Are cooperative tasks hard to train with QMIX?

semitable / lb-foraging

Level-based Foraging (LBF): A multi-agent environment for RL

MIT License

151 stars 64 forks source link

Are cooperative tasks hard to train with QMIX? #13

Closed GoingMyWay closed 2 years ago

GoingMyWay commented 2 years ago

Dear authors, in cooperative tasks (-coop), it seems it is hard to train converged policies with QMIX (the episode rewards are nearly zero). I used the default setting provided by PyMARL and used RLlib to train LBF with QMIX. I found in your paper, you trained Foraging-2s-8x8-2p-2f-coop-v2 and Foraging-8x8-2p-2f-coop-v2 with QMIX and the performance were converged. It would be great if you can provide some suggestions.

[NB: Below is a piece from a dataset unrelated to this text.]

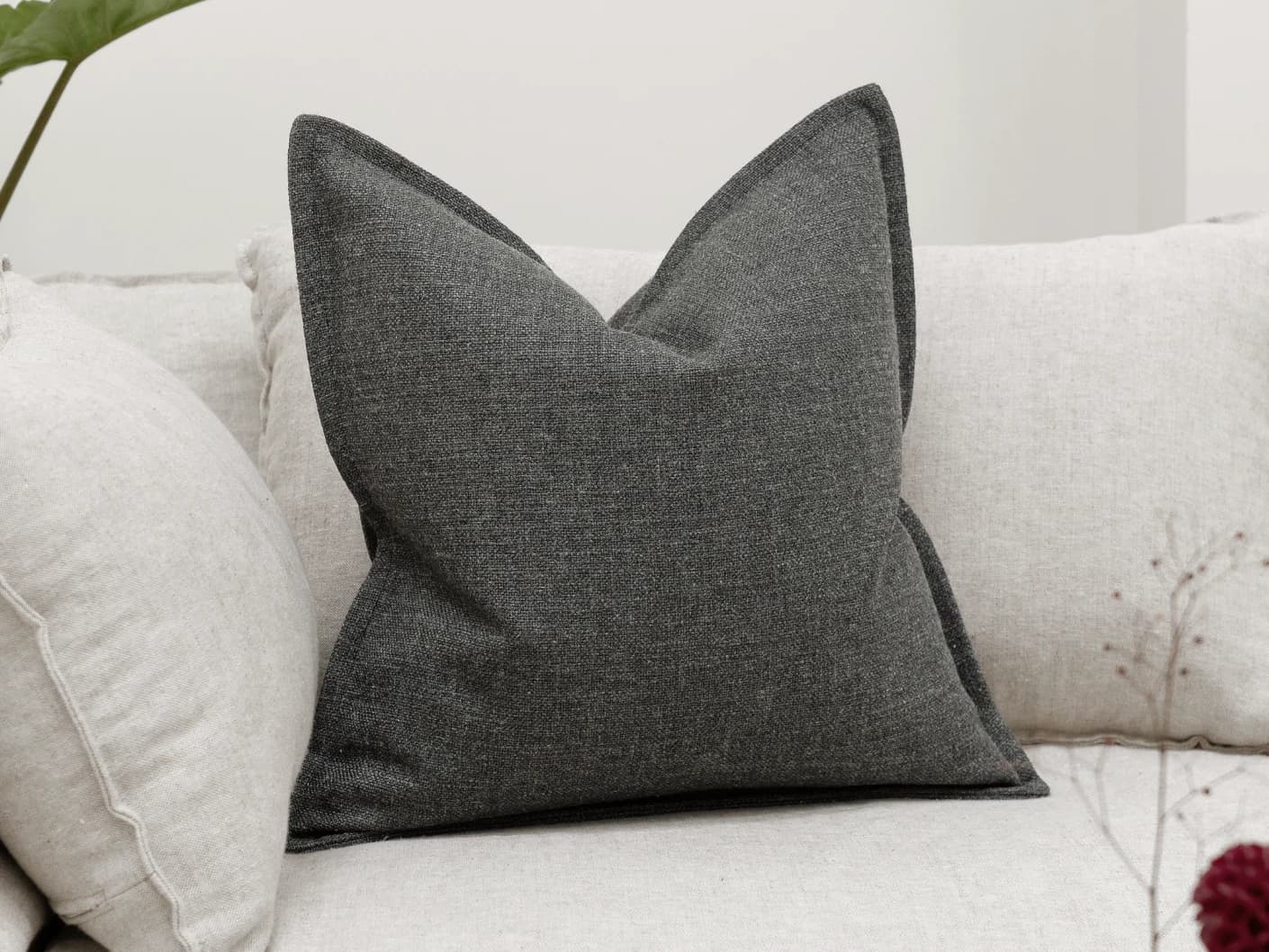 Emmett Nyx single cushions in grey, shown in a lifestyle front view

semitable commented 2 years ago

Dear @GoingMyWay, have you tried our fork of PyMARL (E-PyMARL)? It can be found here: https://github.com/uoe-agents/epymarl with instructions on how to run level based foraging. On the last page of the paper (p33)(https://arxiv.org/pdf/2006.07869.pdf), you will also find the exact hyperparameters we used to generate the results on the paper.

GoingMyWay commented 2 years ago

@semitable Dear author, thank you. I will try your code. I tried to use RLlib, which seems hard to train.